In contrast, under President Ilham Aliyev, Azerbaijan has become the quintessential autocracy. Power in Baku is concentrated in one family; dissent is crushed, journalists jailed, elections a formality. In February 2024, Aliyev secured a fifth term with 92 percent of the vote — an election observers described as a sham. His regime even appointed his wife vice president.

Prime Minister Nikol Pashinyan’s government, which came to power on the back of protests, has been aligning itself with European values. | Laurent Gillieron/EPA

Meanwhile, on the international stage, Baku has been brazenly aggressive. In 2020, it unleashed a war against ethnic Armenians in Nagorno-Karabakh, violating a fragile ceasefire. Later, Azerbaijani forces blockaded and attacked the region, culminating in a lightning military offensive that forced over 100,000 Armenian civilians to flee their ancestral homes — a humanitarian disaster that unfolded in real time while Europe watched.
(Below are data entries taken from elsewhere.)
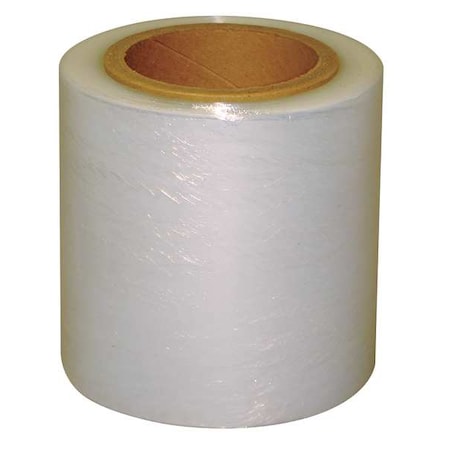 Stretch Wrap, 5" W x 700 ft. L, 120 ga, Cast Style, Clear, Heavy Duty
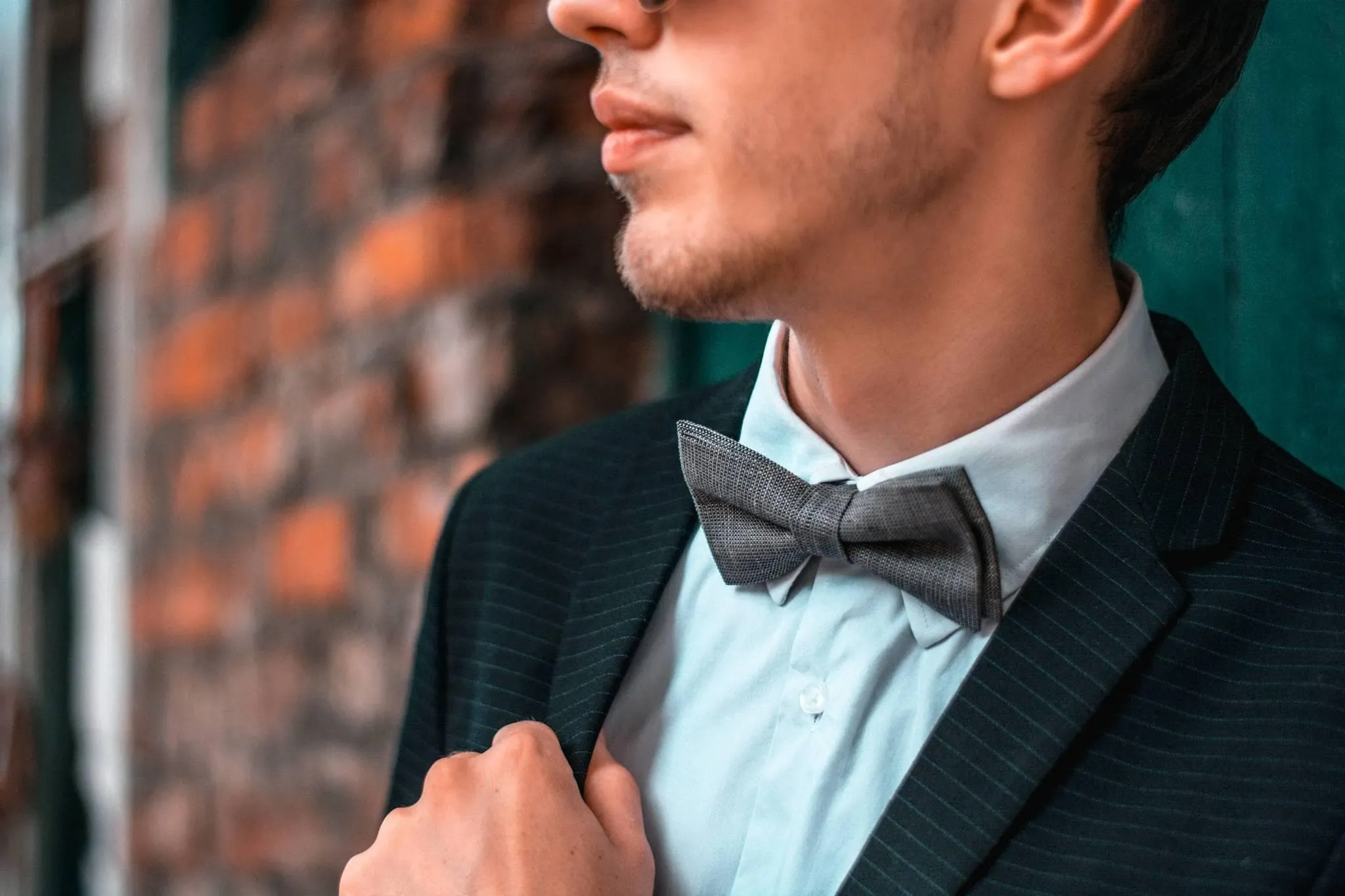 Sea Blue Bow Tie - Elevate Your Style with Timeless Sophistication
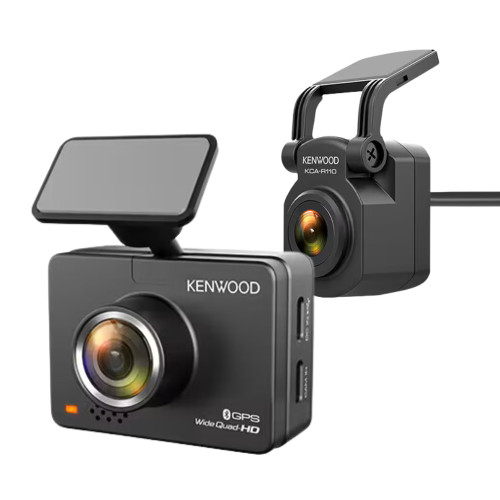 Kenwood DRV-A510WDP GPS Integrated Dashboard Camera with Rear View Camera Kenwood DRV-A510WDP GPS Integrated Dashboard Camera with Rear View Camera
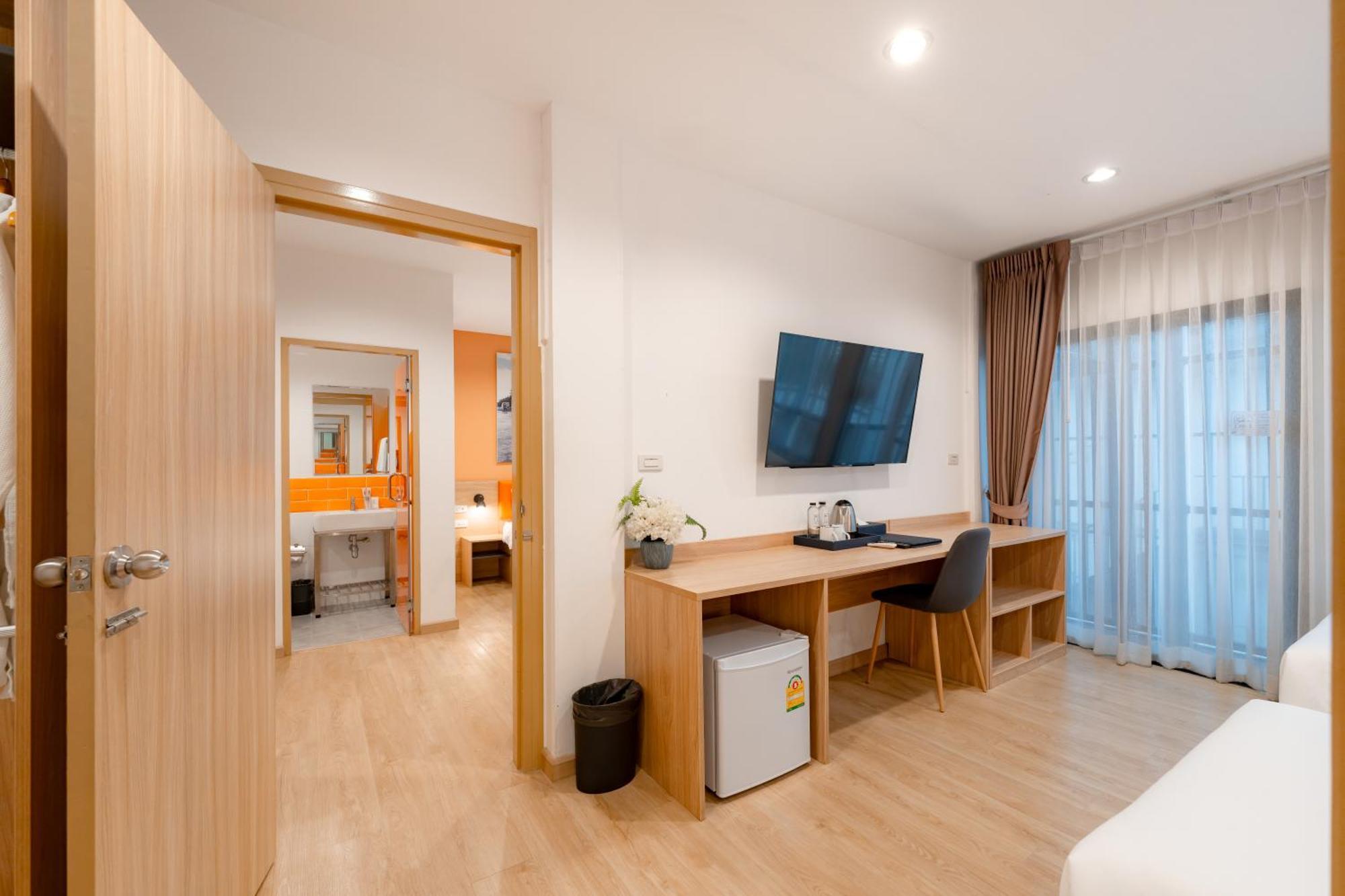 Moji Don Mueang Airport Hotel - בנגקוק מראה חיצוני תמונה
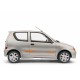 Fiat Seicento Sporting Abarth 1998 silver, Laudoracing-Model 1/18 scale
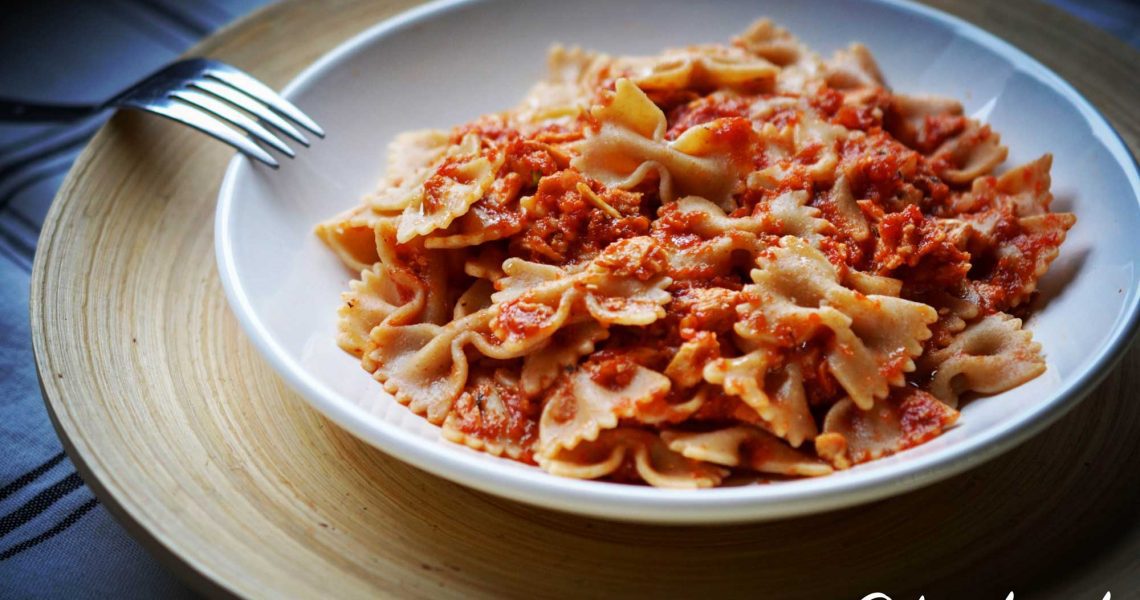 Farfalles complètes au thon | ©Yood (Good food good mood for you)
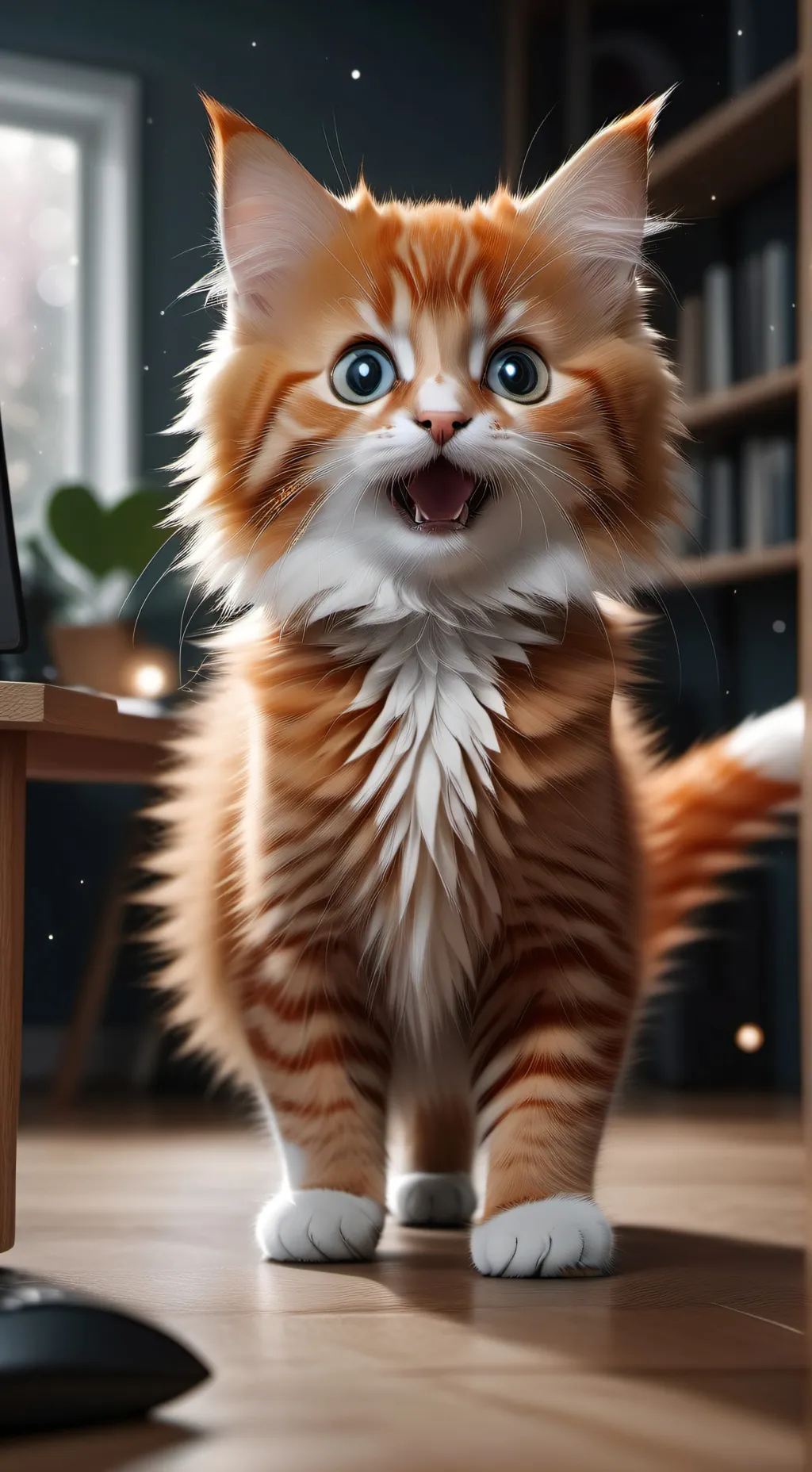 ai character: Byte background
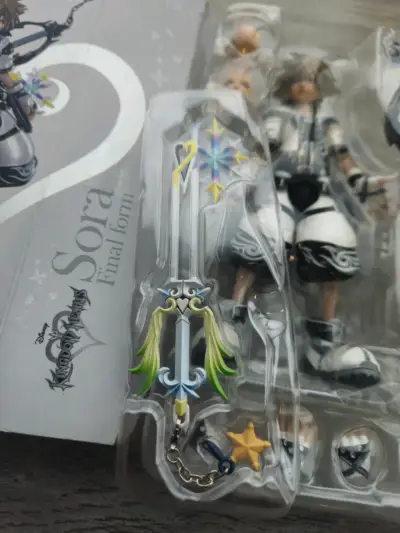 Figura de acción Sora Final Form Bandai - miniatura 3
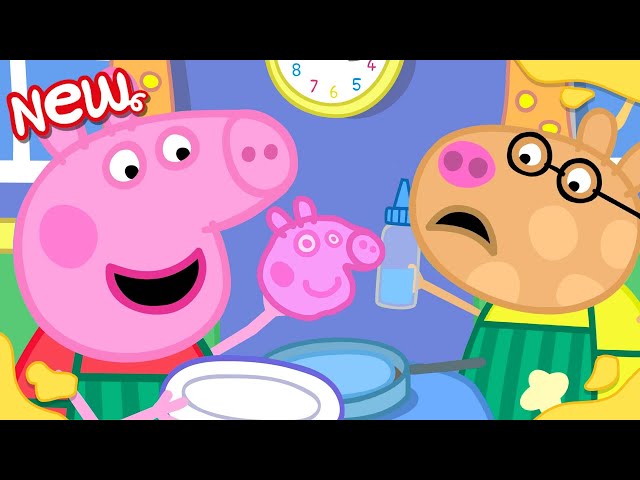 Peppa Pig Tales 🐷 Peppa Pancakes For Pancake Day 🥞 PEPPA PIG VIDEOS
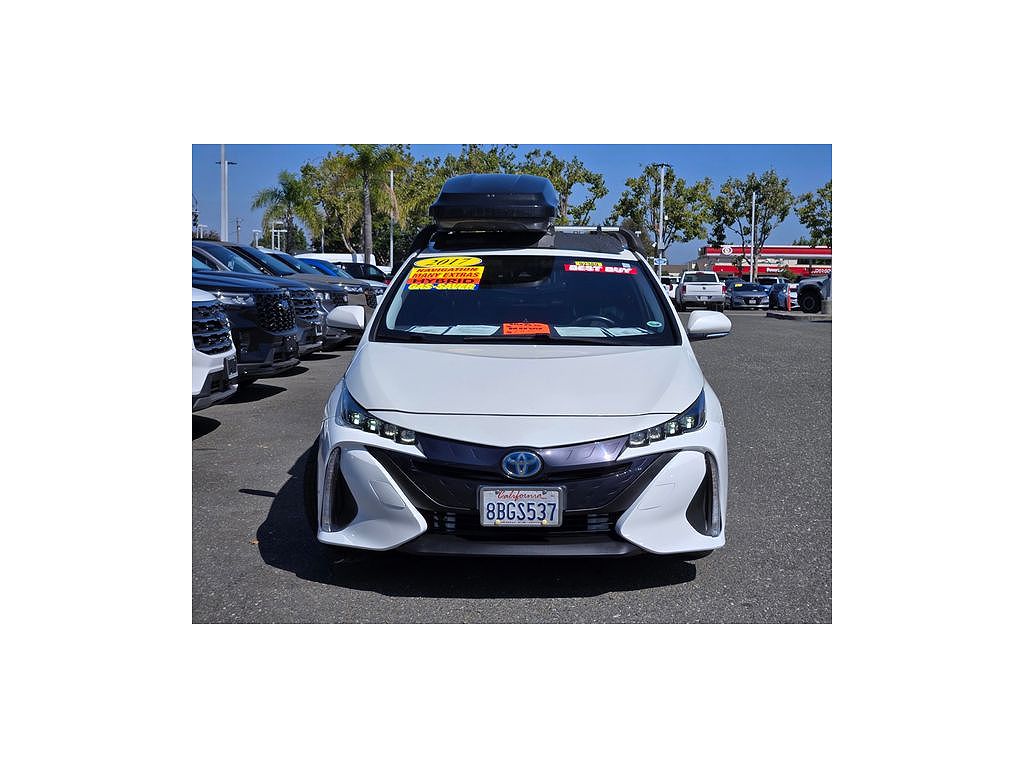 2017 Toyota Prius Prime Premium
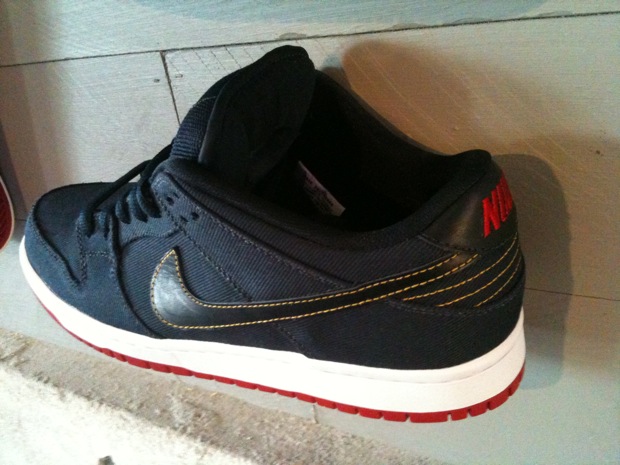 Levi’s x Nike SB Dunk Low – New Images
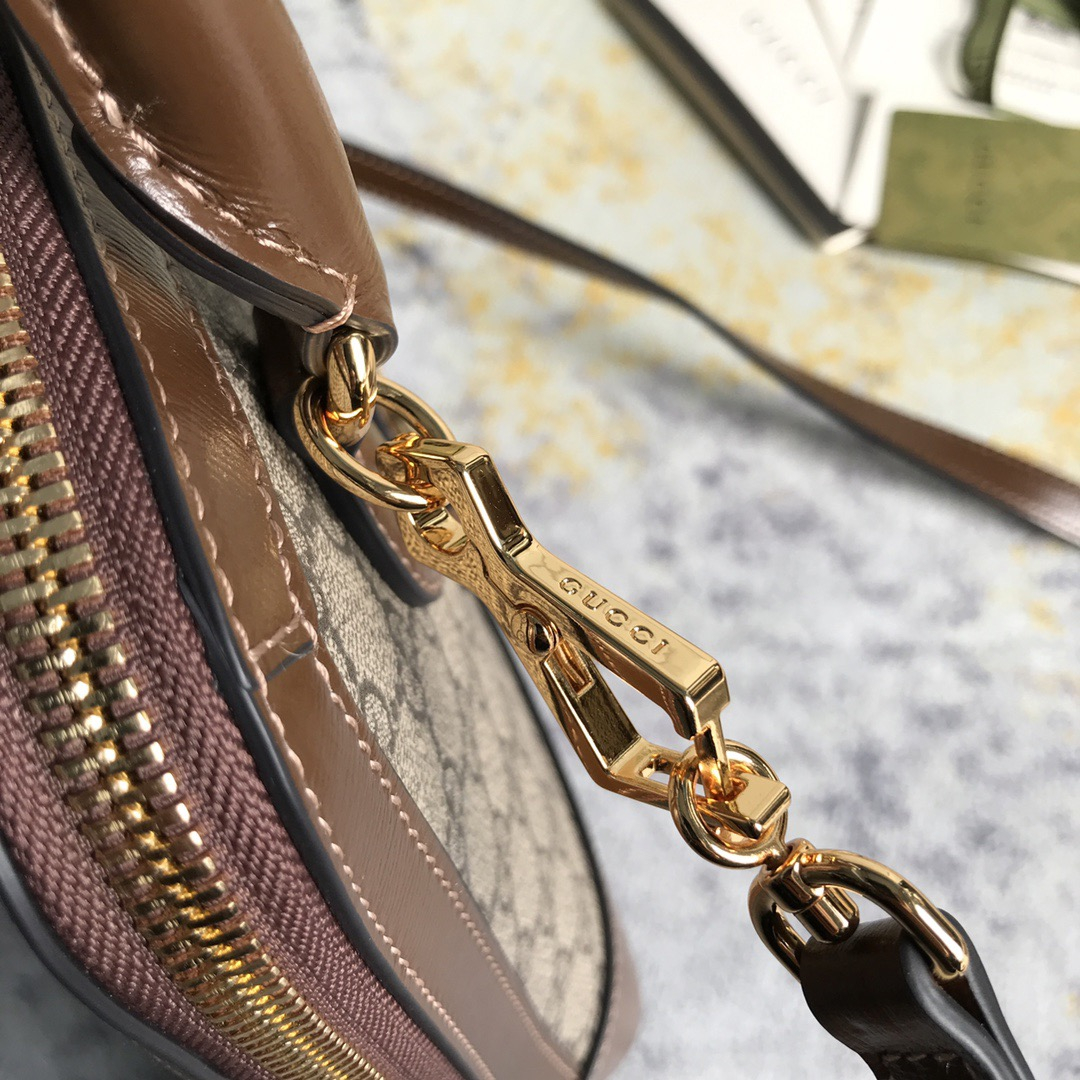 Gucci GG Horsebit 1955 Women Shoulder Bags 2-Size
And to this day, Azerbaijan illegally detains Armenian prisoners of war and civilians as hostages.

Despite all this, ever since Europe sought to wean itself off Russian gas, it has treated Azerbaijan as a coveted partner. The EU signed a major energy memorandum with Baku in 2022, aiming to double gas imports. And standing beside Aliyev, European Commission President Ursula von der Leyen famously hailed the country as a “reliable” supplier.

It appears that when Europe looks at the Caucasus, it sees Azerbaijan’s oil and gas wells but ignores Armenia’s democracy and security.

As French MEP and former Minister for European Affairs Nathalie Loiseau observed: “Going to an autocracy which keeps on threatening its neighbor without going to Armenia on the same trip is a mistake … Baku targets an EU member state with malign interference and sides with Russia, when democratic Armenia looks towards Europe.”

Her words underscore an absurd reality. Realpolitik, it seems, has eclipsed principle, and the EU appears hypocritical when it rebukes authoritarianism in Europe’s east while acquiescing to it in the South Caucasus.

Dulled by energy deals and geopolitical caution, the international response to Azerbaijan’s aggression has been tepid for too long. But European security and values are indivisible, and the bloc cannot carve out exceptions without undermining its moral authority. Supporting Armenia, a fledgling democracy under siege, is not only the right thing to do, it also serves Europe’s own long-term interest in a stable, rules-based international order.